Provided records >>
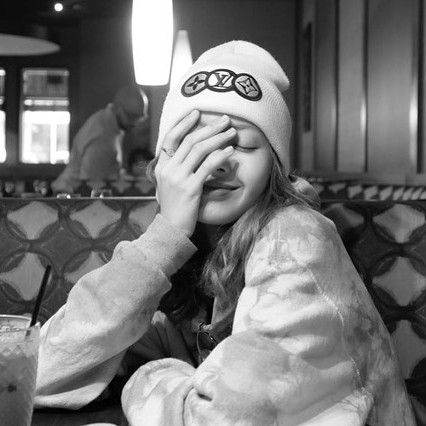 Latest photo of Lisa (BLACKPINK)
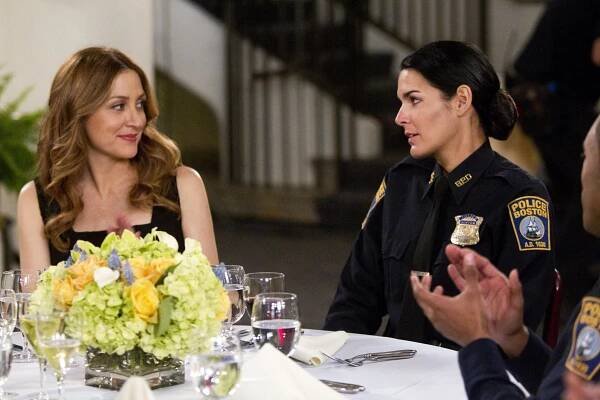 Rizzoli & Isles: Vraždy na pitevně - K čemu jsou hrdinové - Z filmu - Sasha Alexander, Angie Harmon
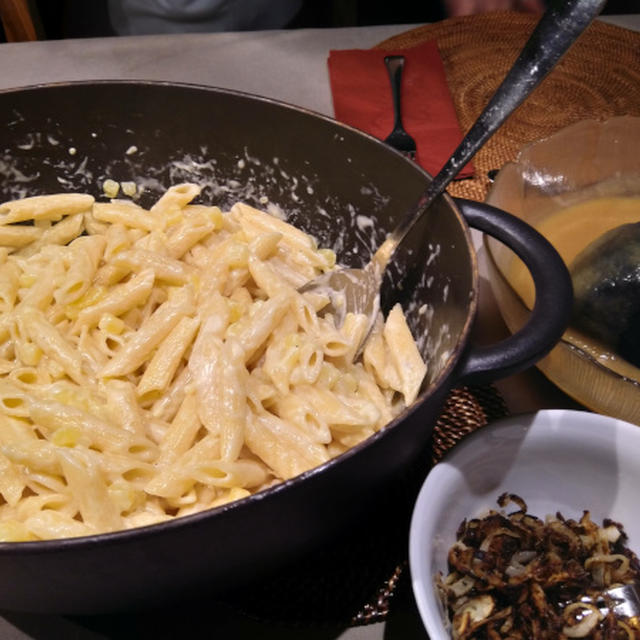 スイスの郷土料理アルペンマカロニ
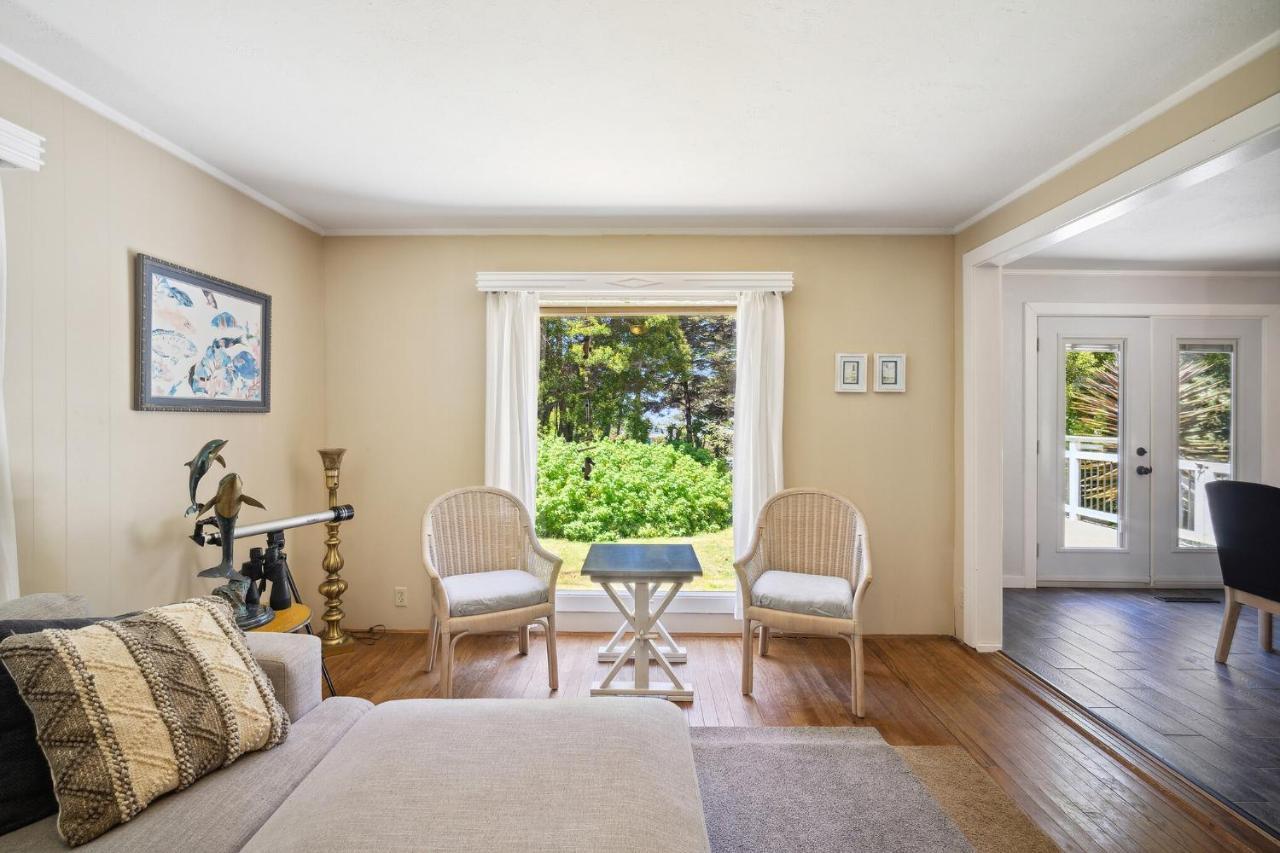 Charming Pet Friendly Coastal Getaway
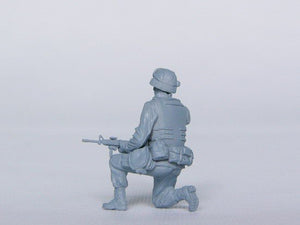 Trumpeter 00407 US Marine Corps Iraq 2003 1/35 – zdjęcie 2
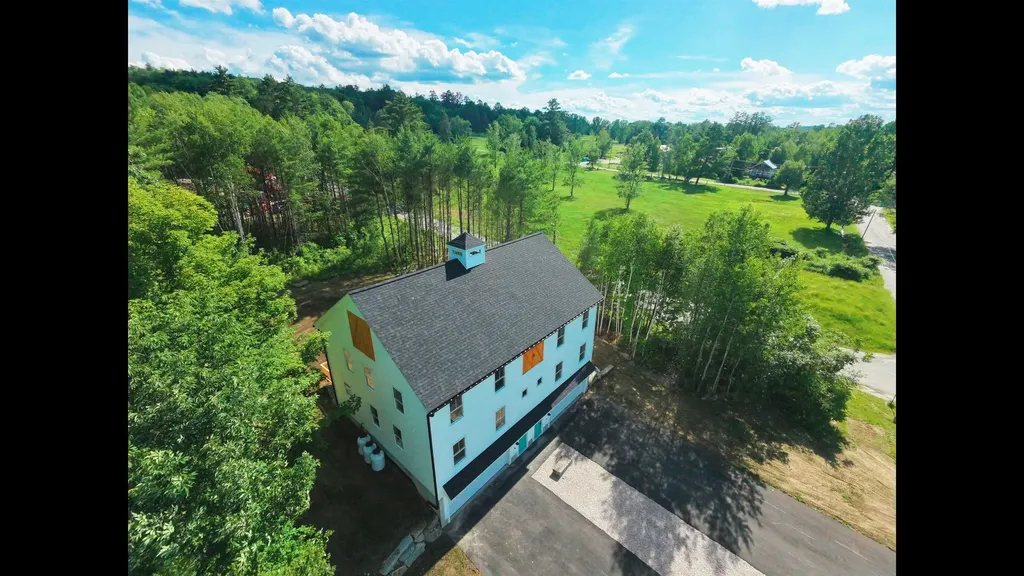 48B Pine Street Bethlehem NH 03574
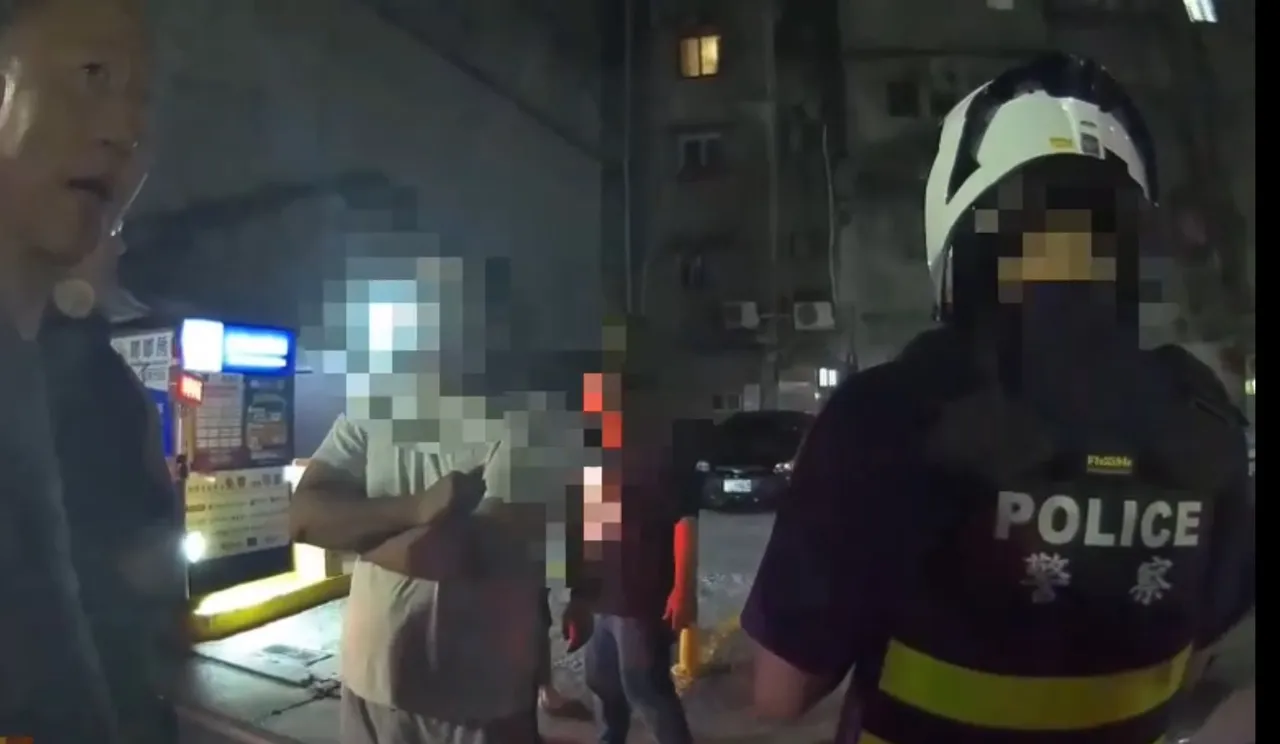 许男等4人被逮,还不断向警方强调没有对被害人怎样,只是找他出来好好讲。翻摄画面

Task instructions >> With the pictures omitted, set down each line exactly, starting at the first line of the records above and ending with the line that contains "48B Pine Street Bethlehem NH 03574".

Task output >>
 Latest photo of Lisa (BLACKPINK)
 Rizzoli & Isles: Vraždy na pitevně - K čemu jsou hrdinové - Z filmu - Sasha Alexander, Angie Harmon
 スイスの郷土料理アルペンマカロニ
 Charming Pet Friendly Coastal Getaway
 Trumpeter 00407 US Marine Corps Iraq 2003 1/35 – zdjęcie 2
 48B Pine Street Bethlehem NH 03574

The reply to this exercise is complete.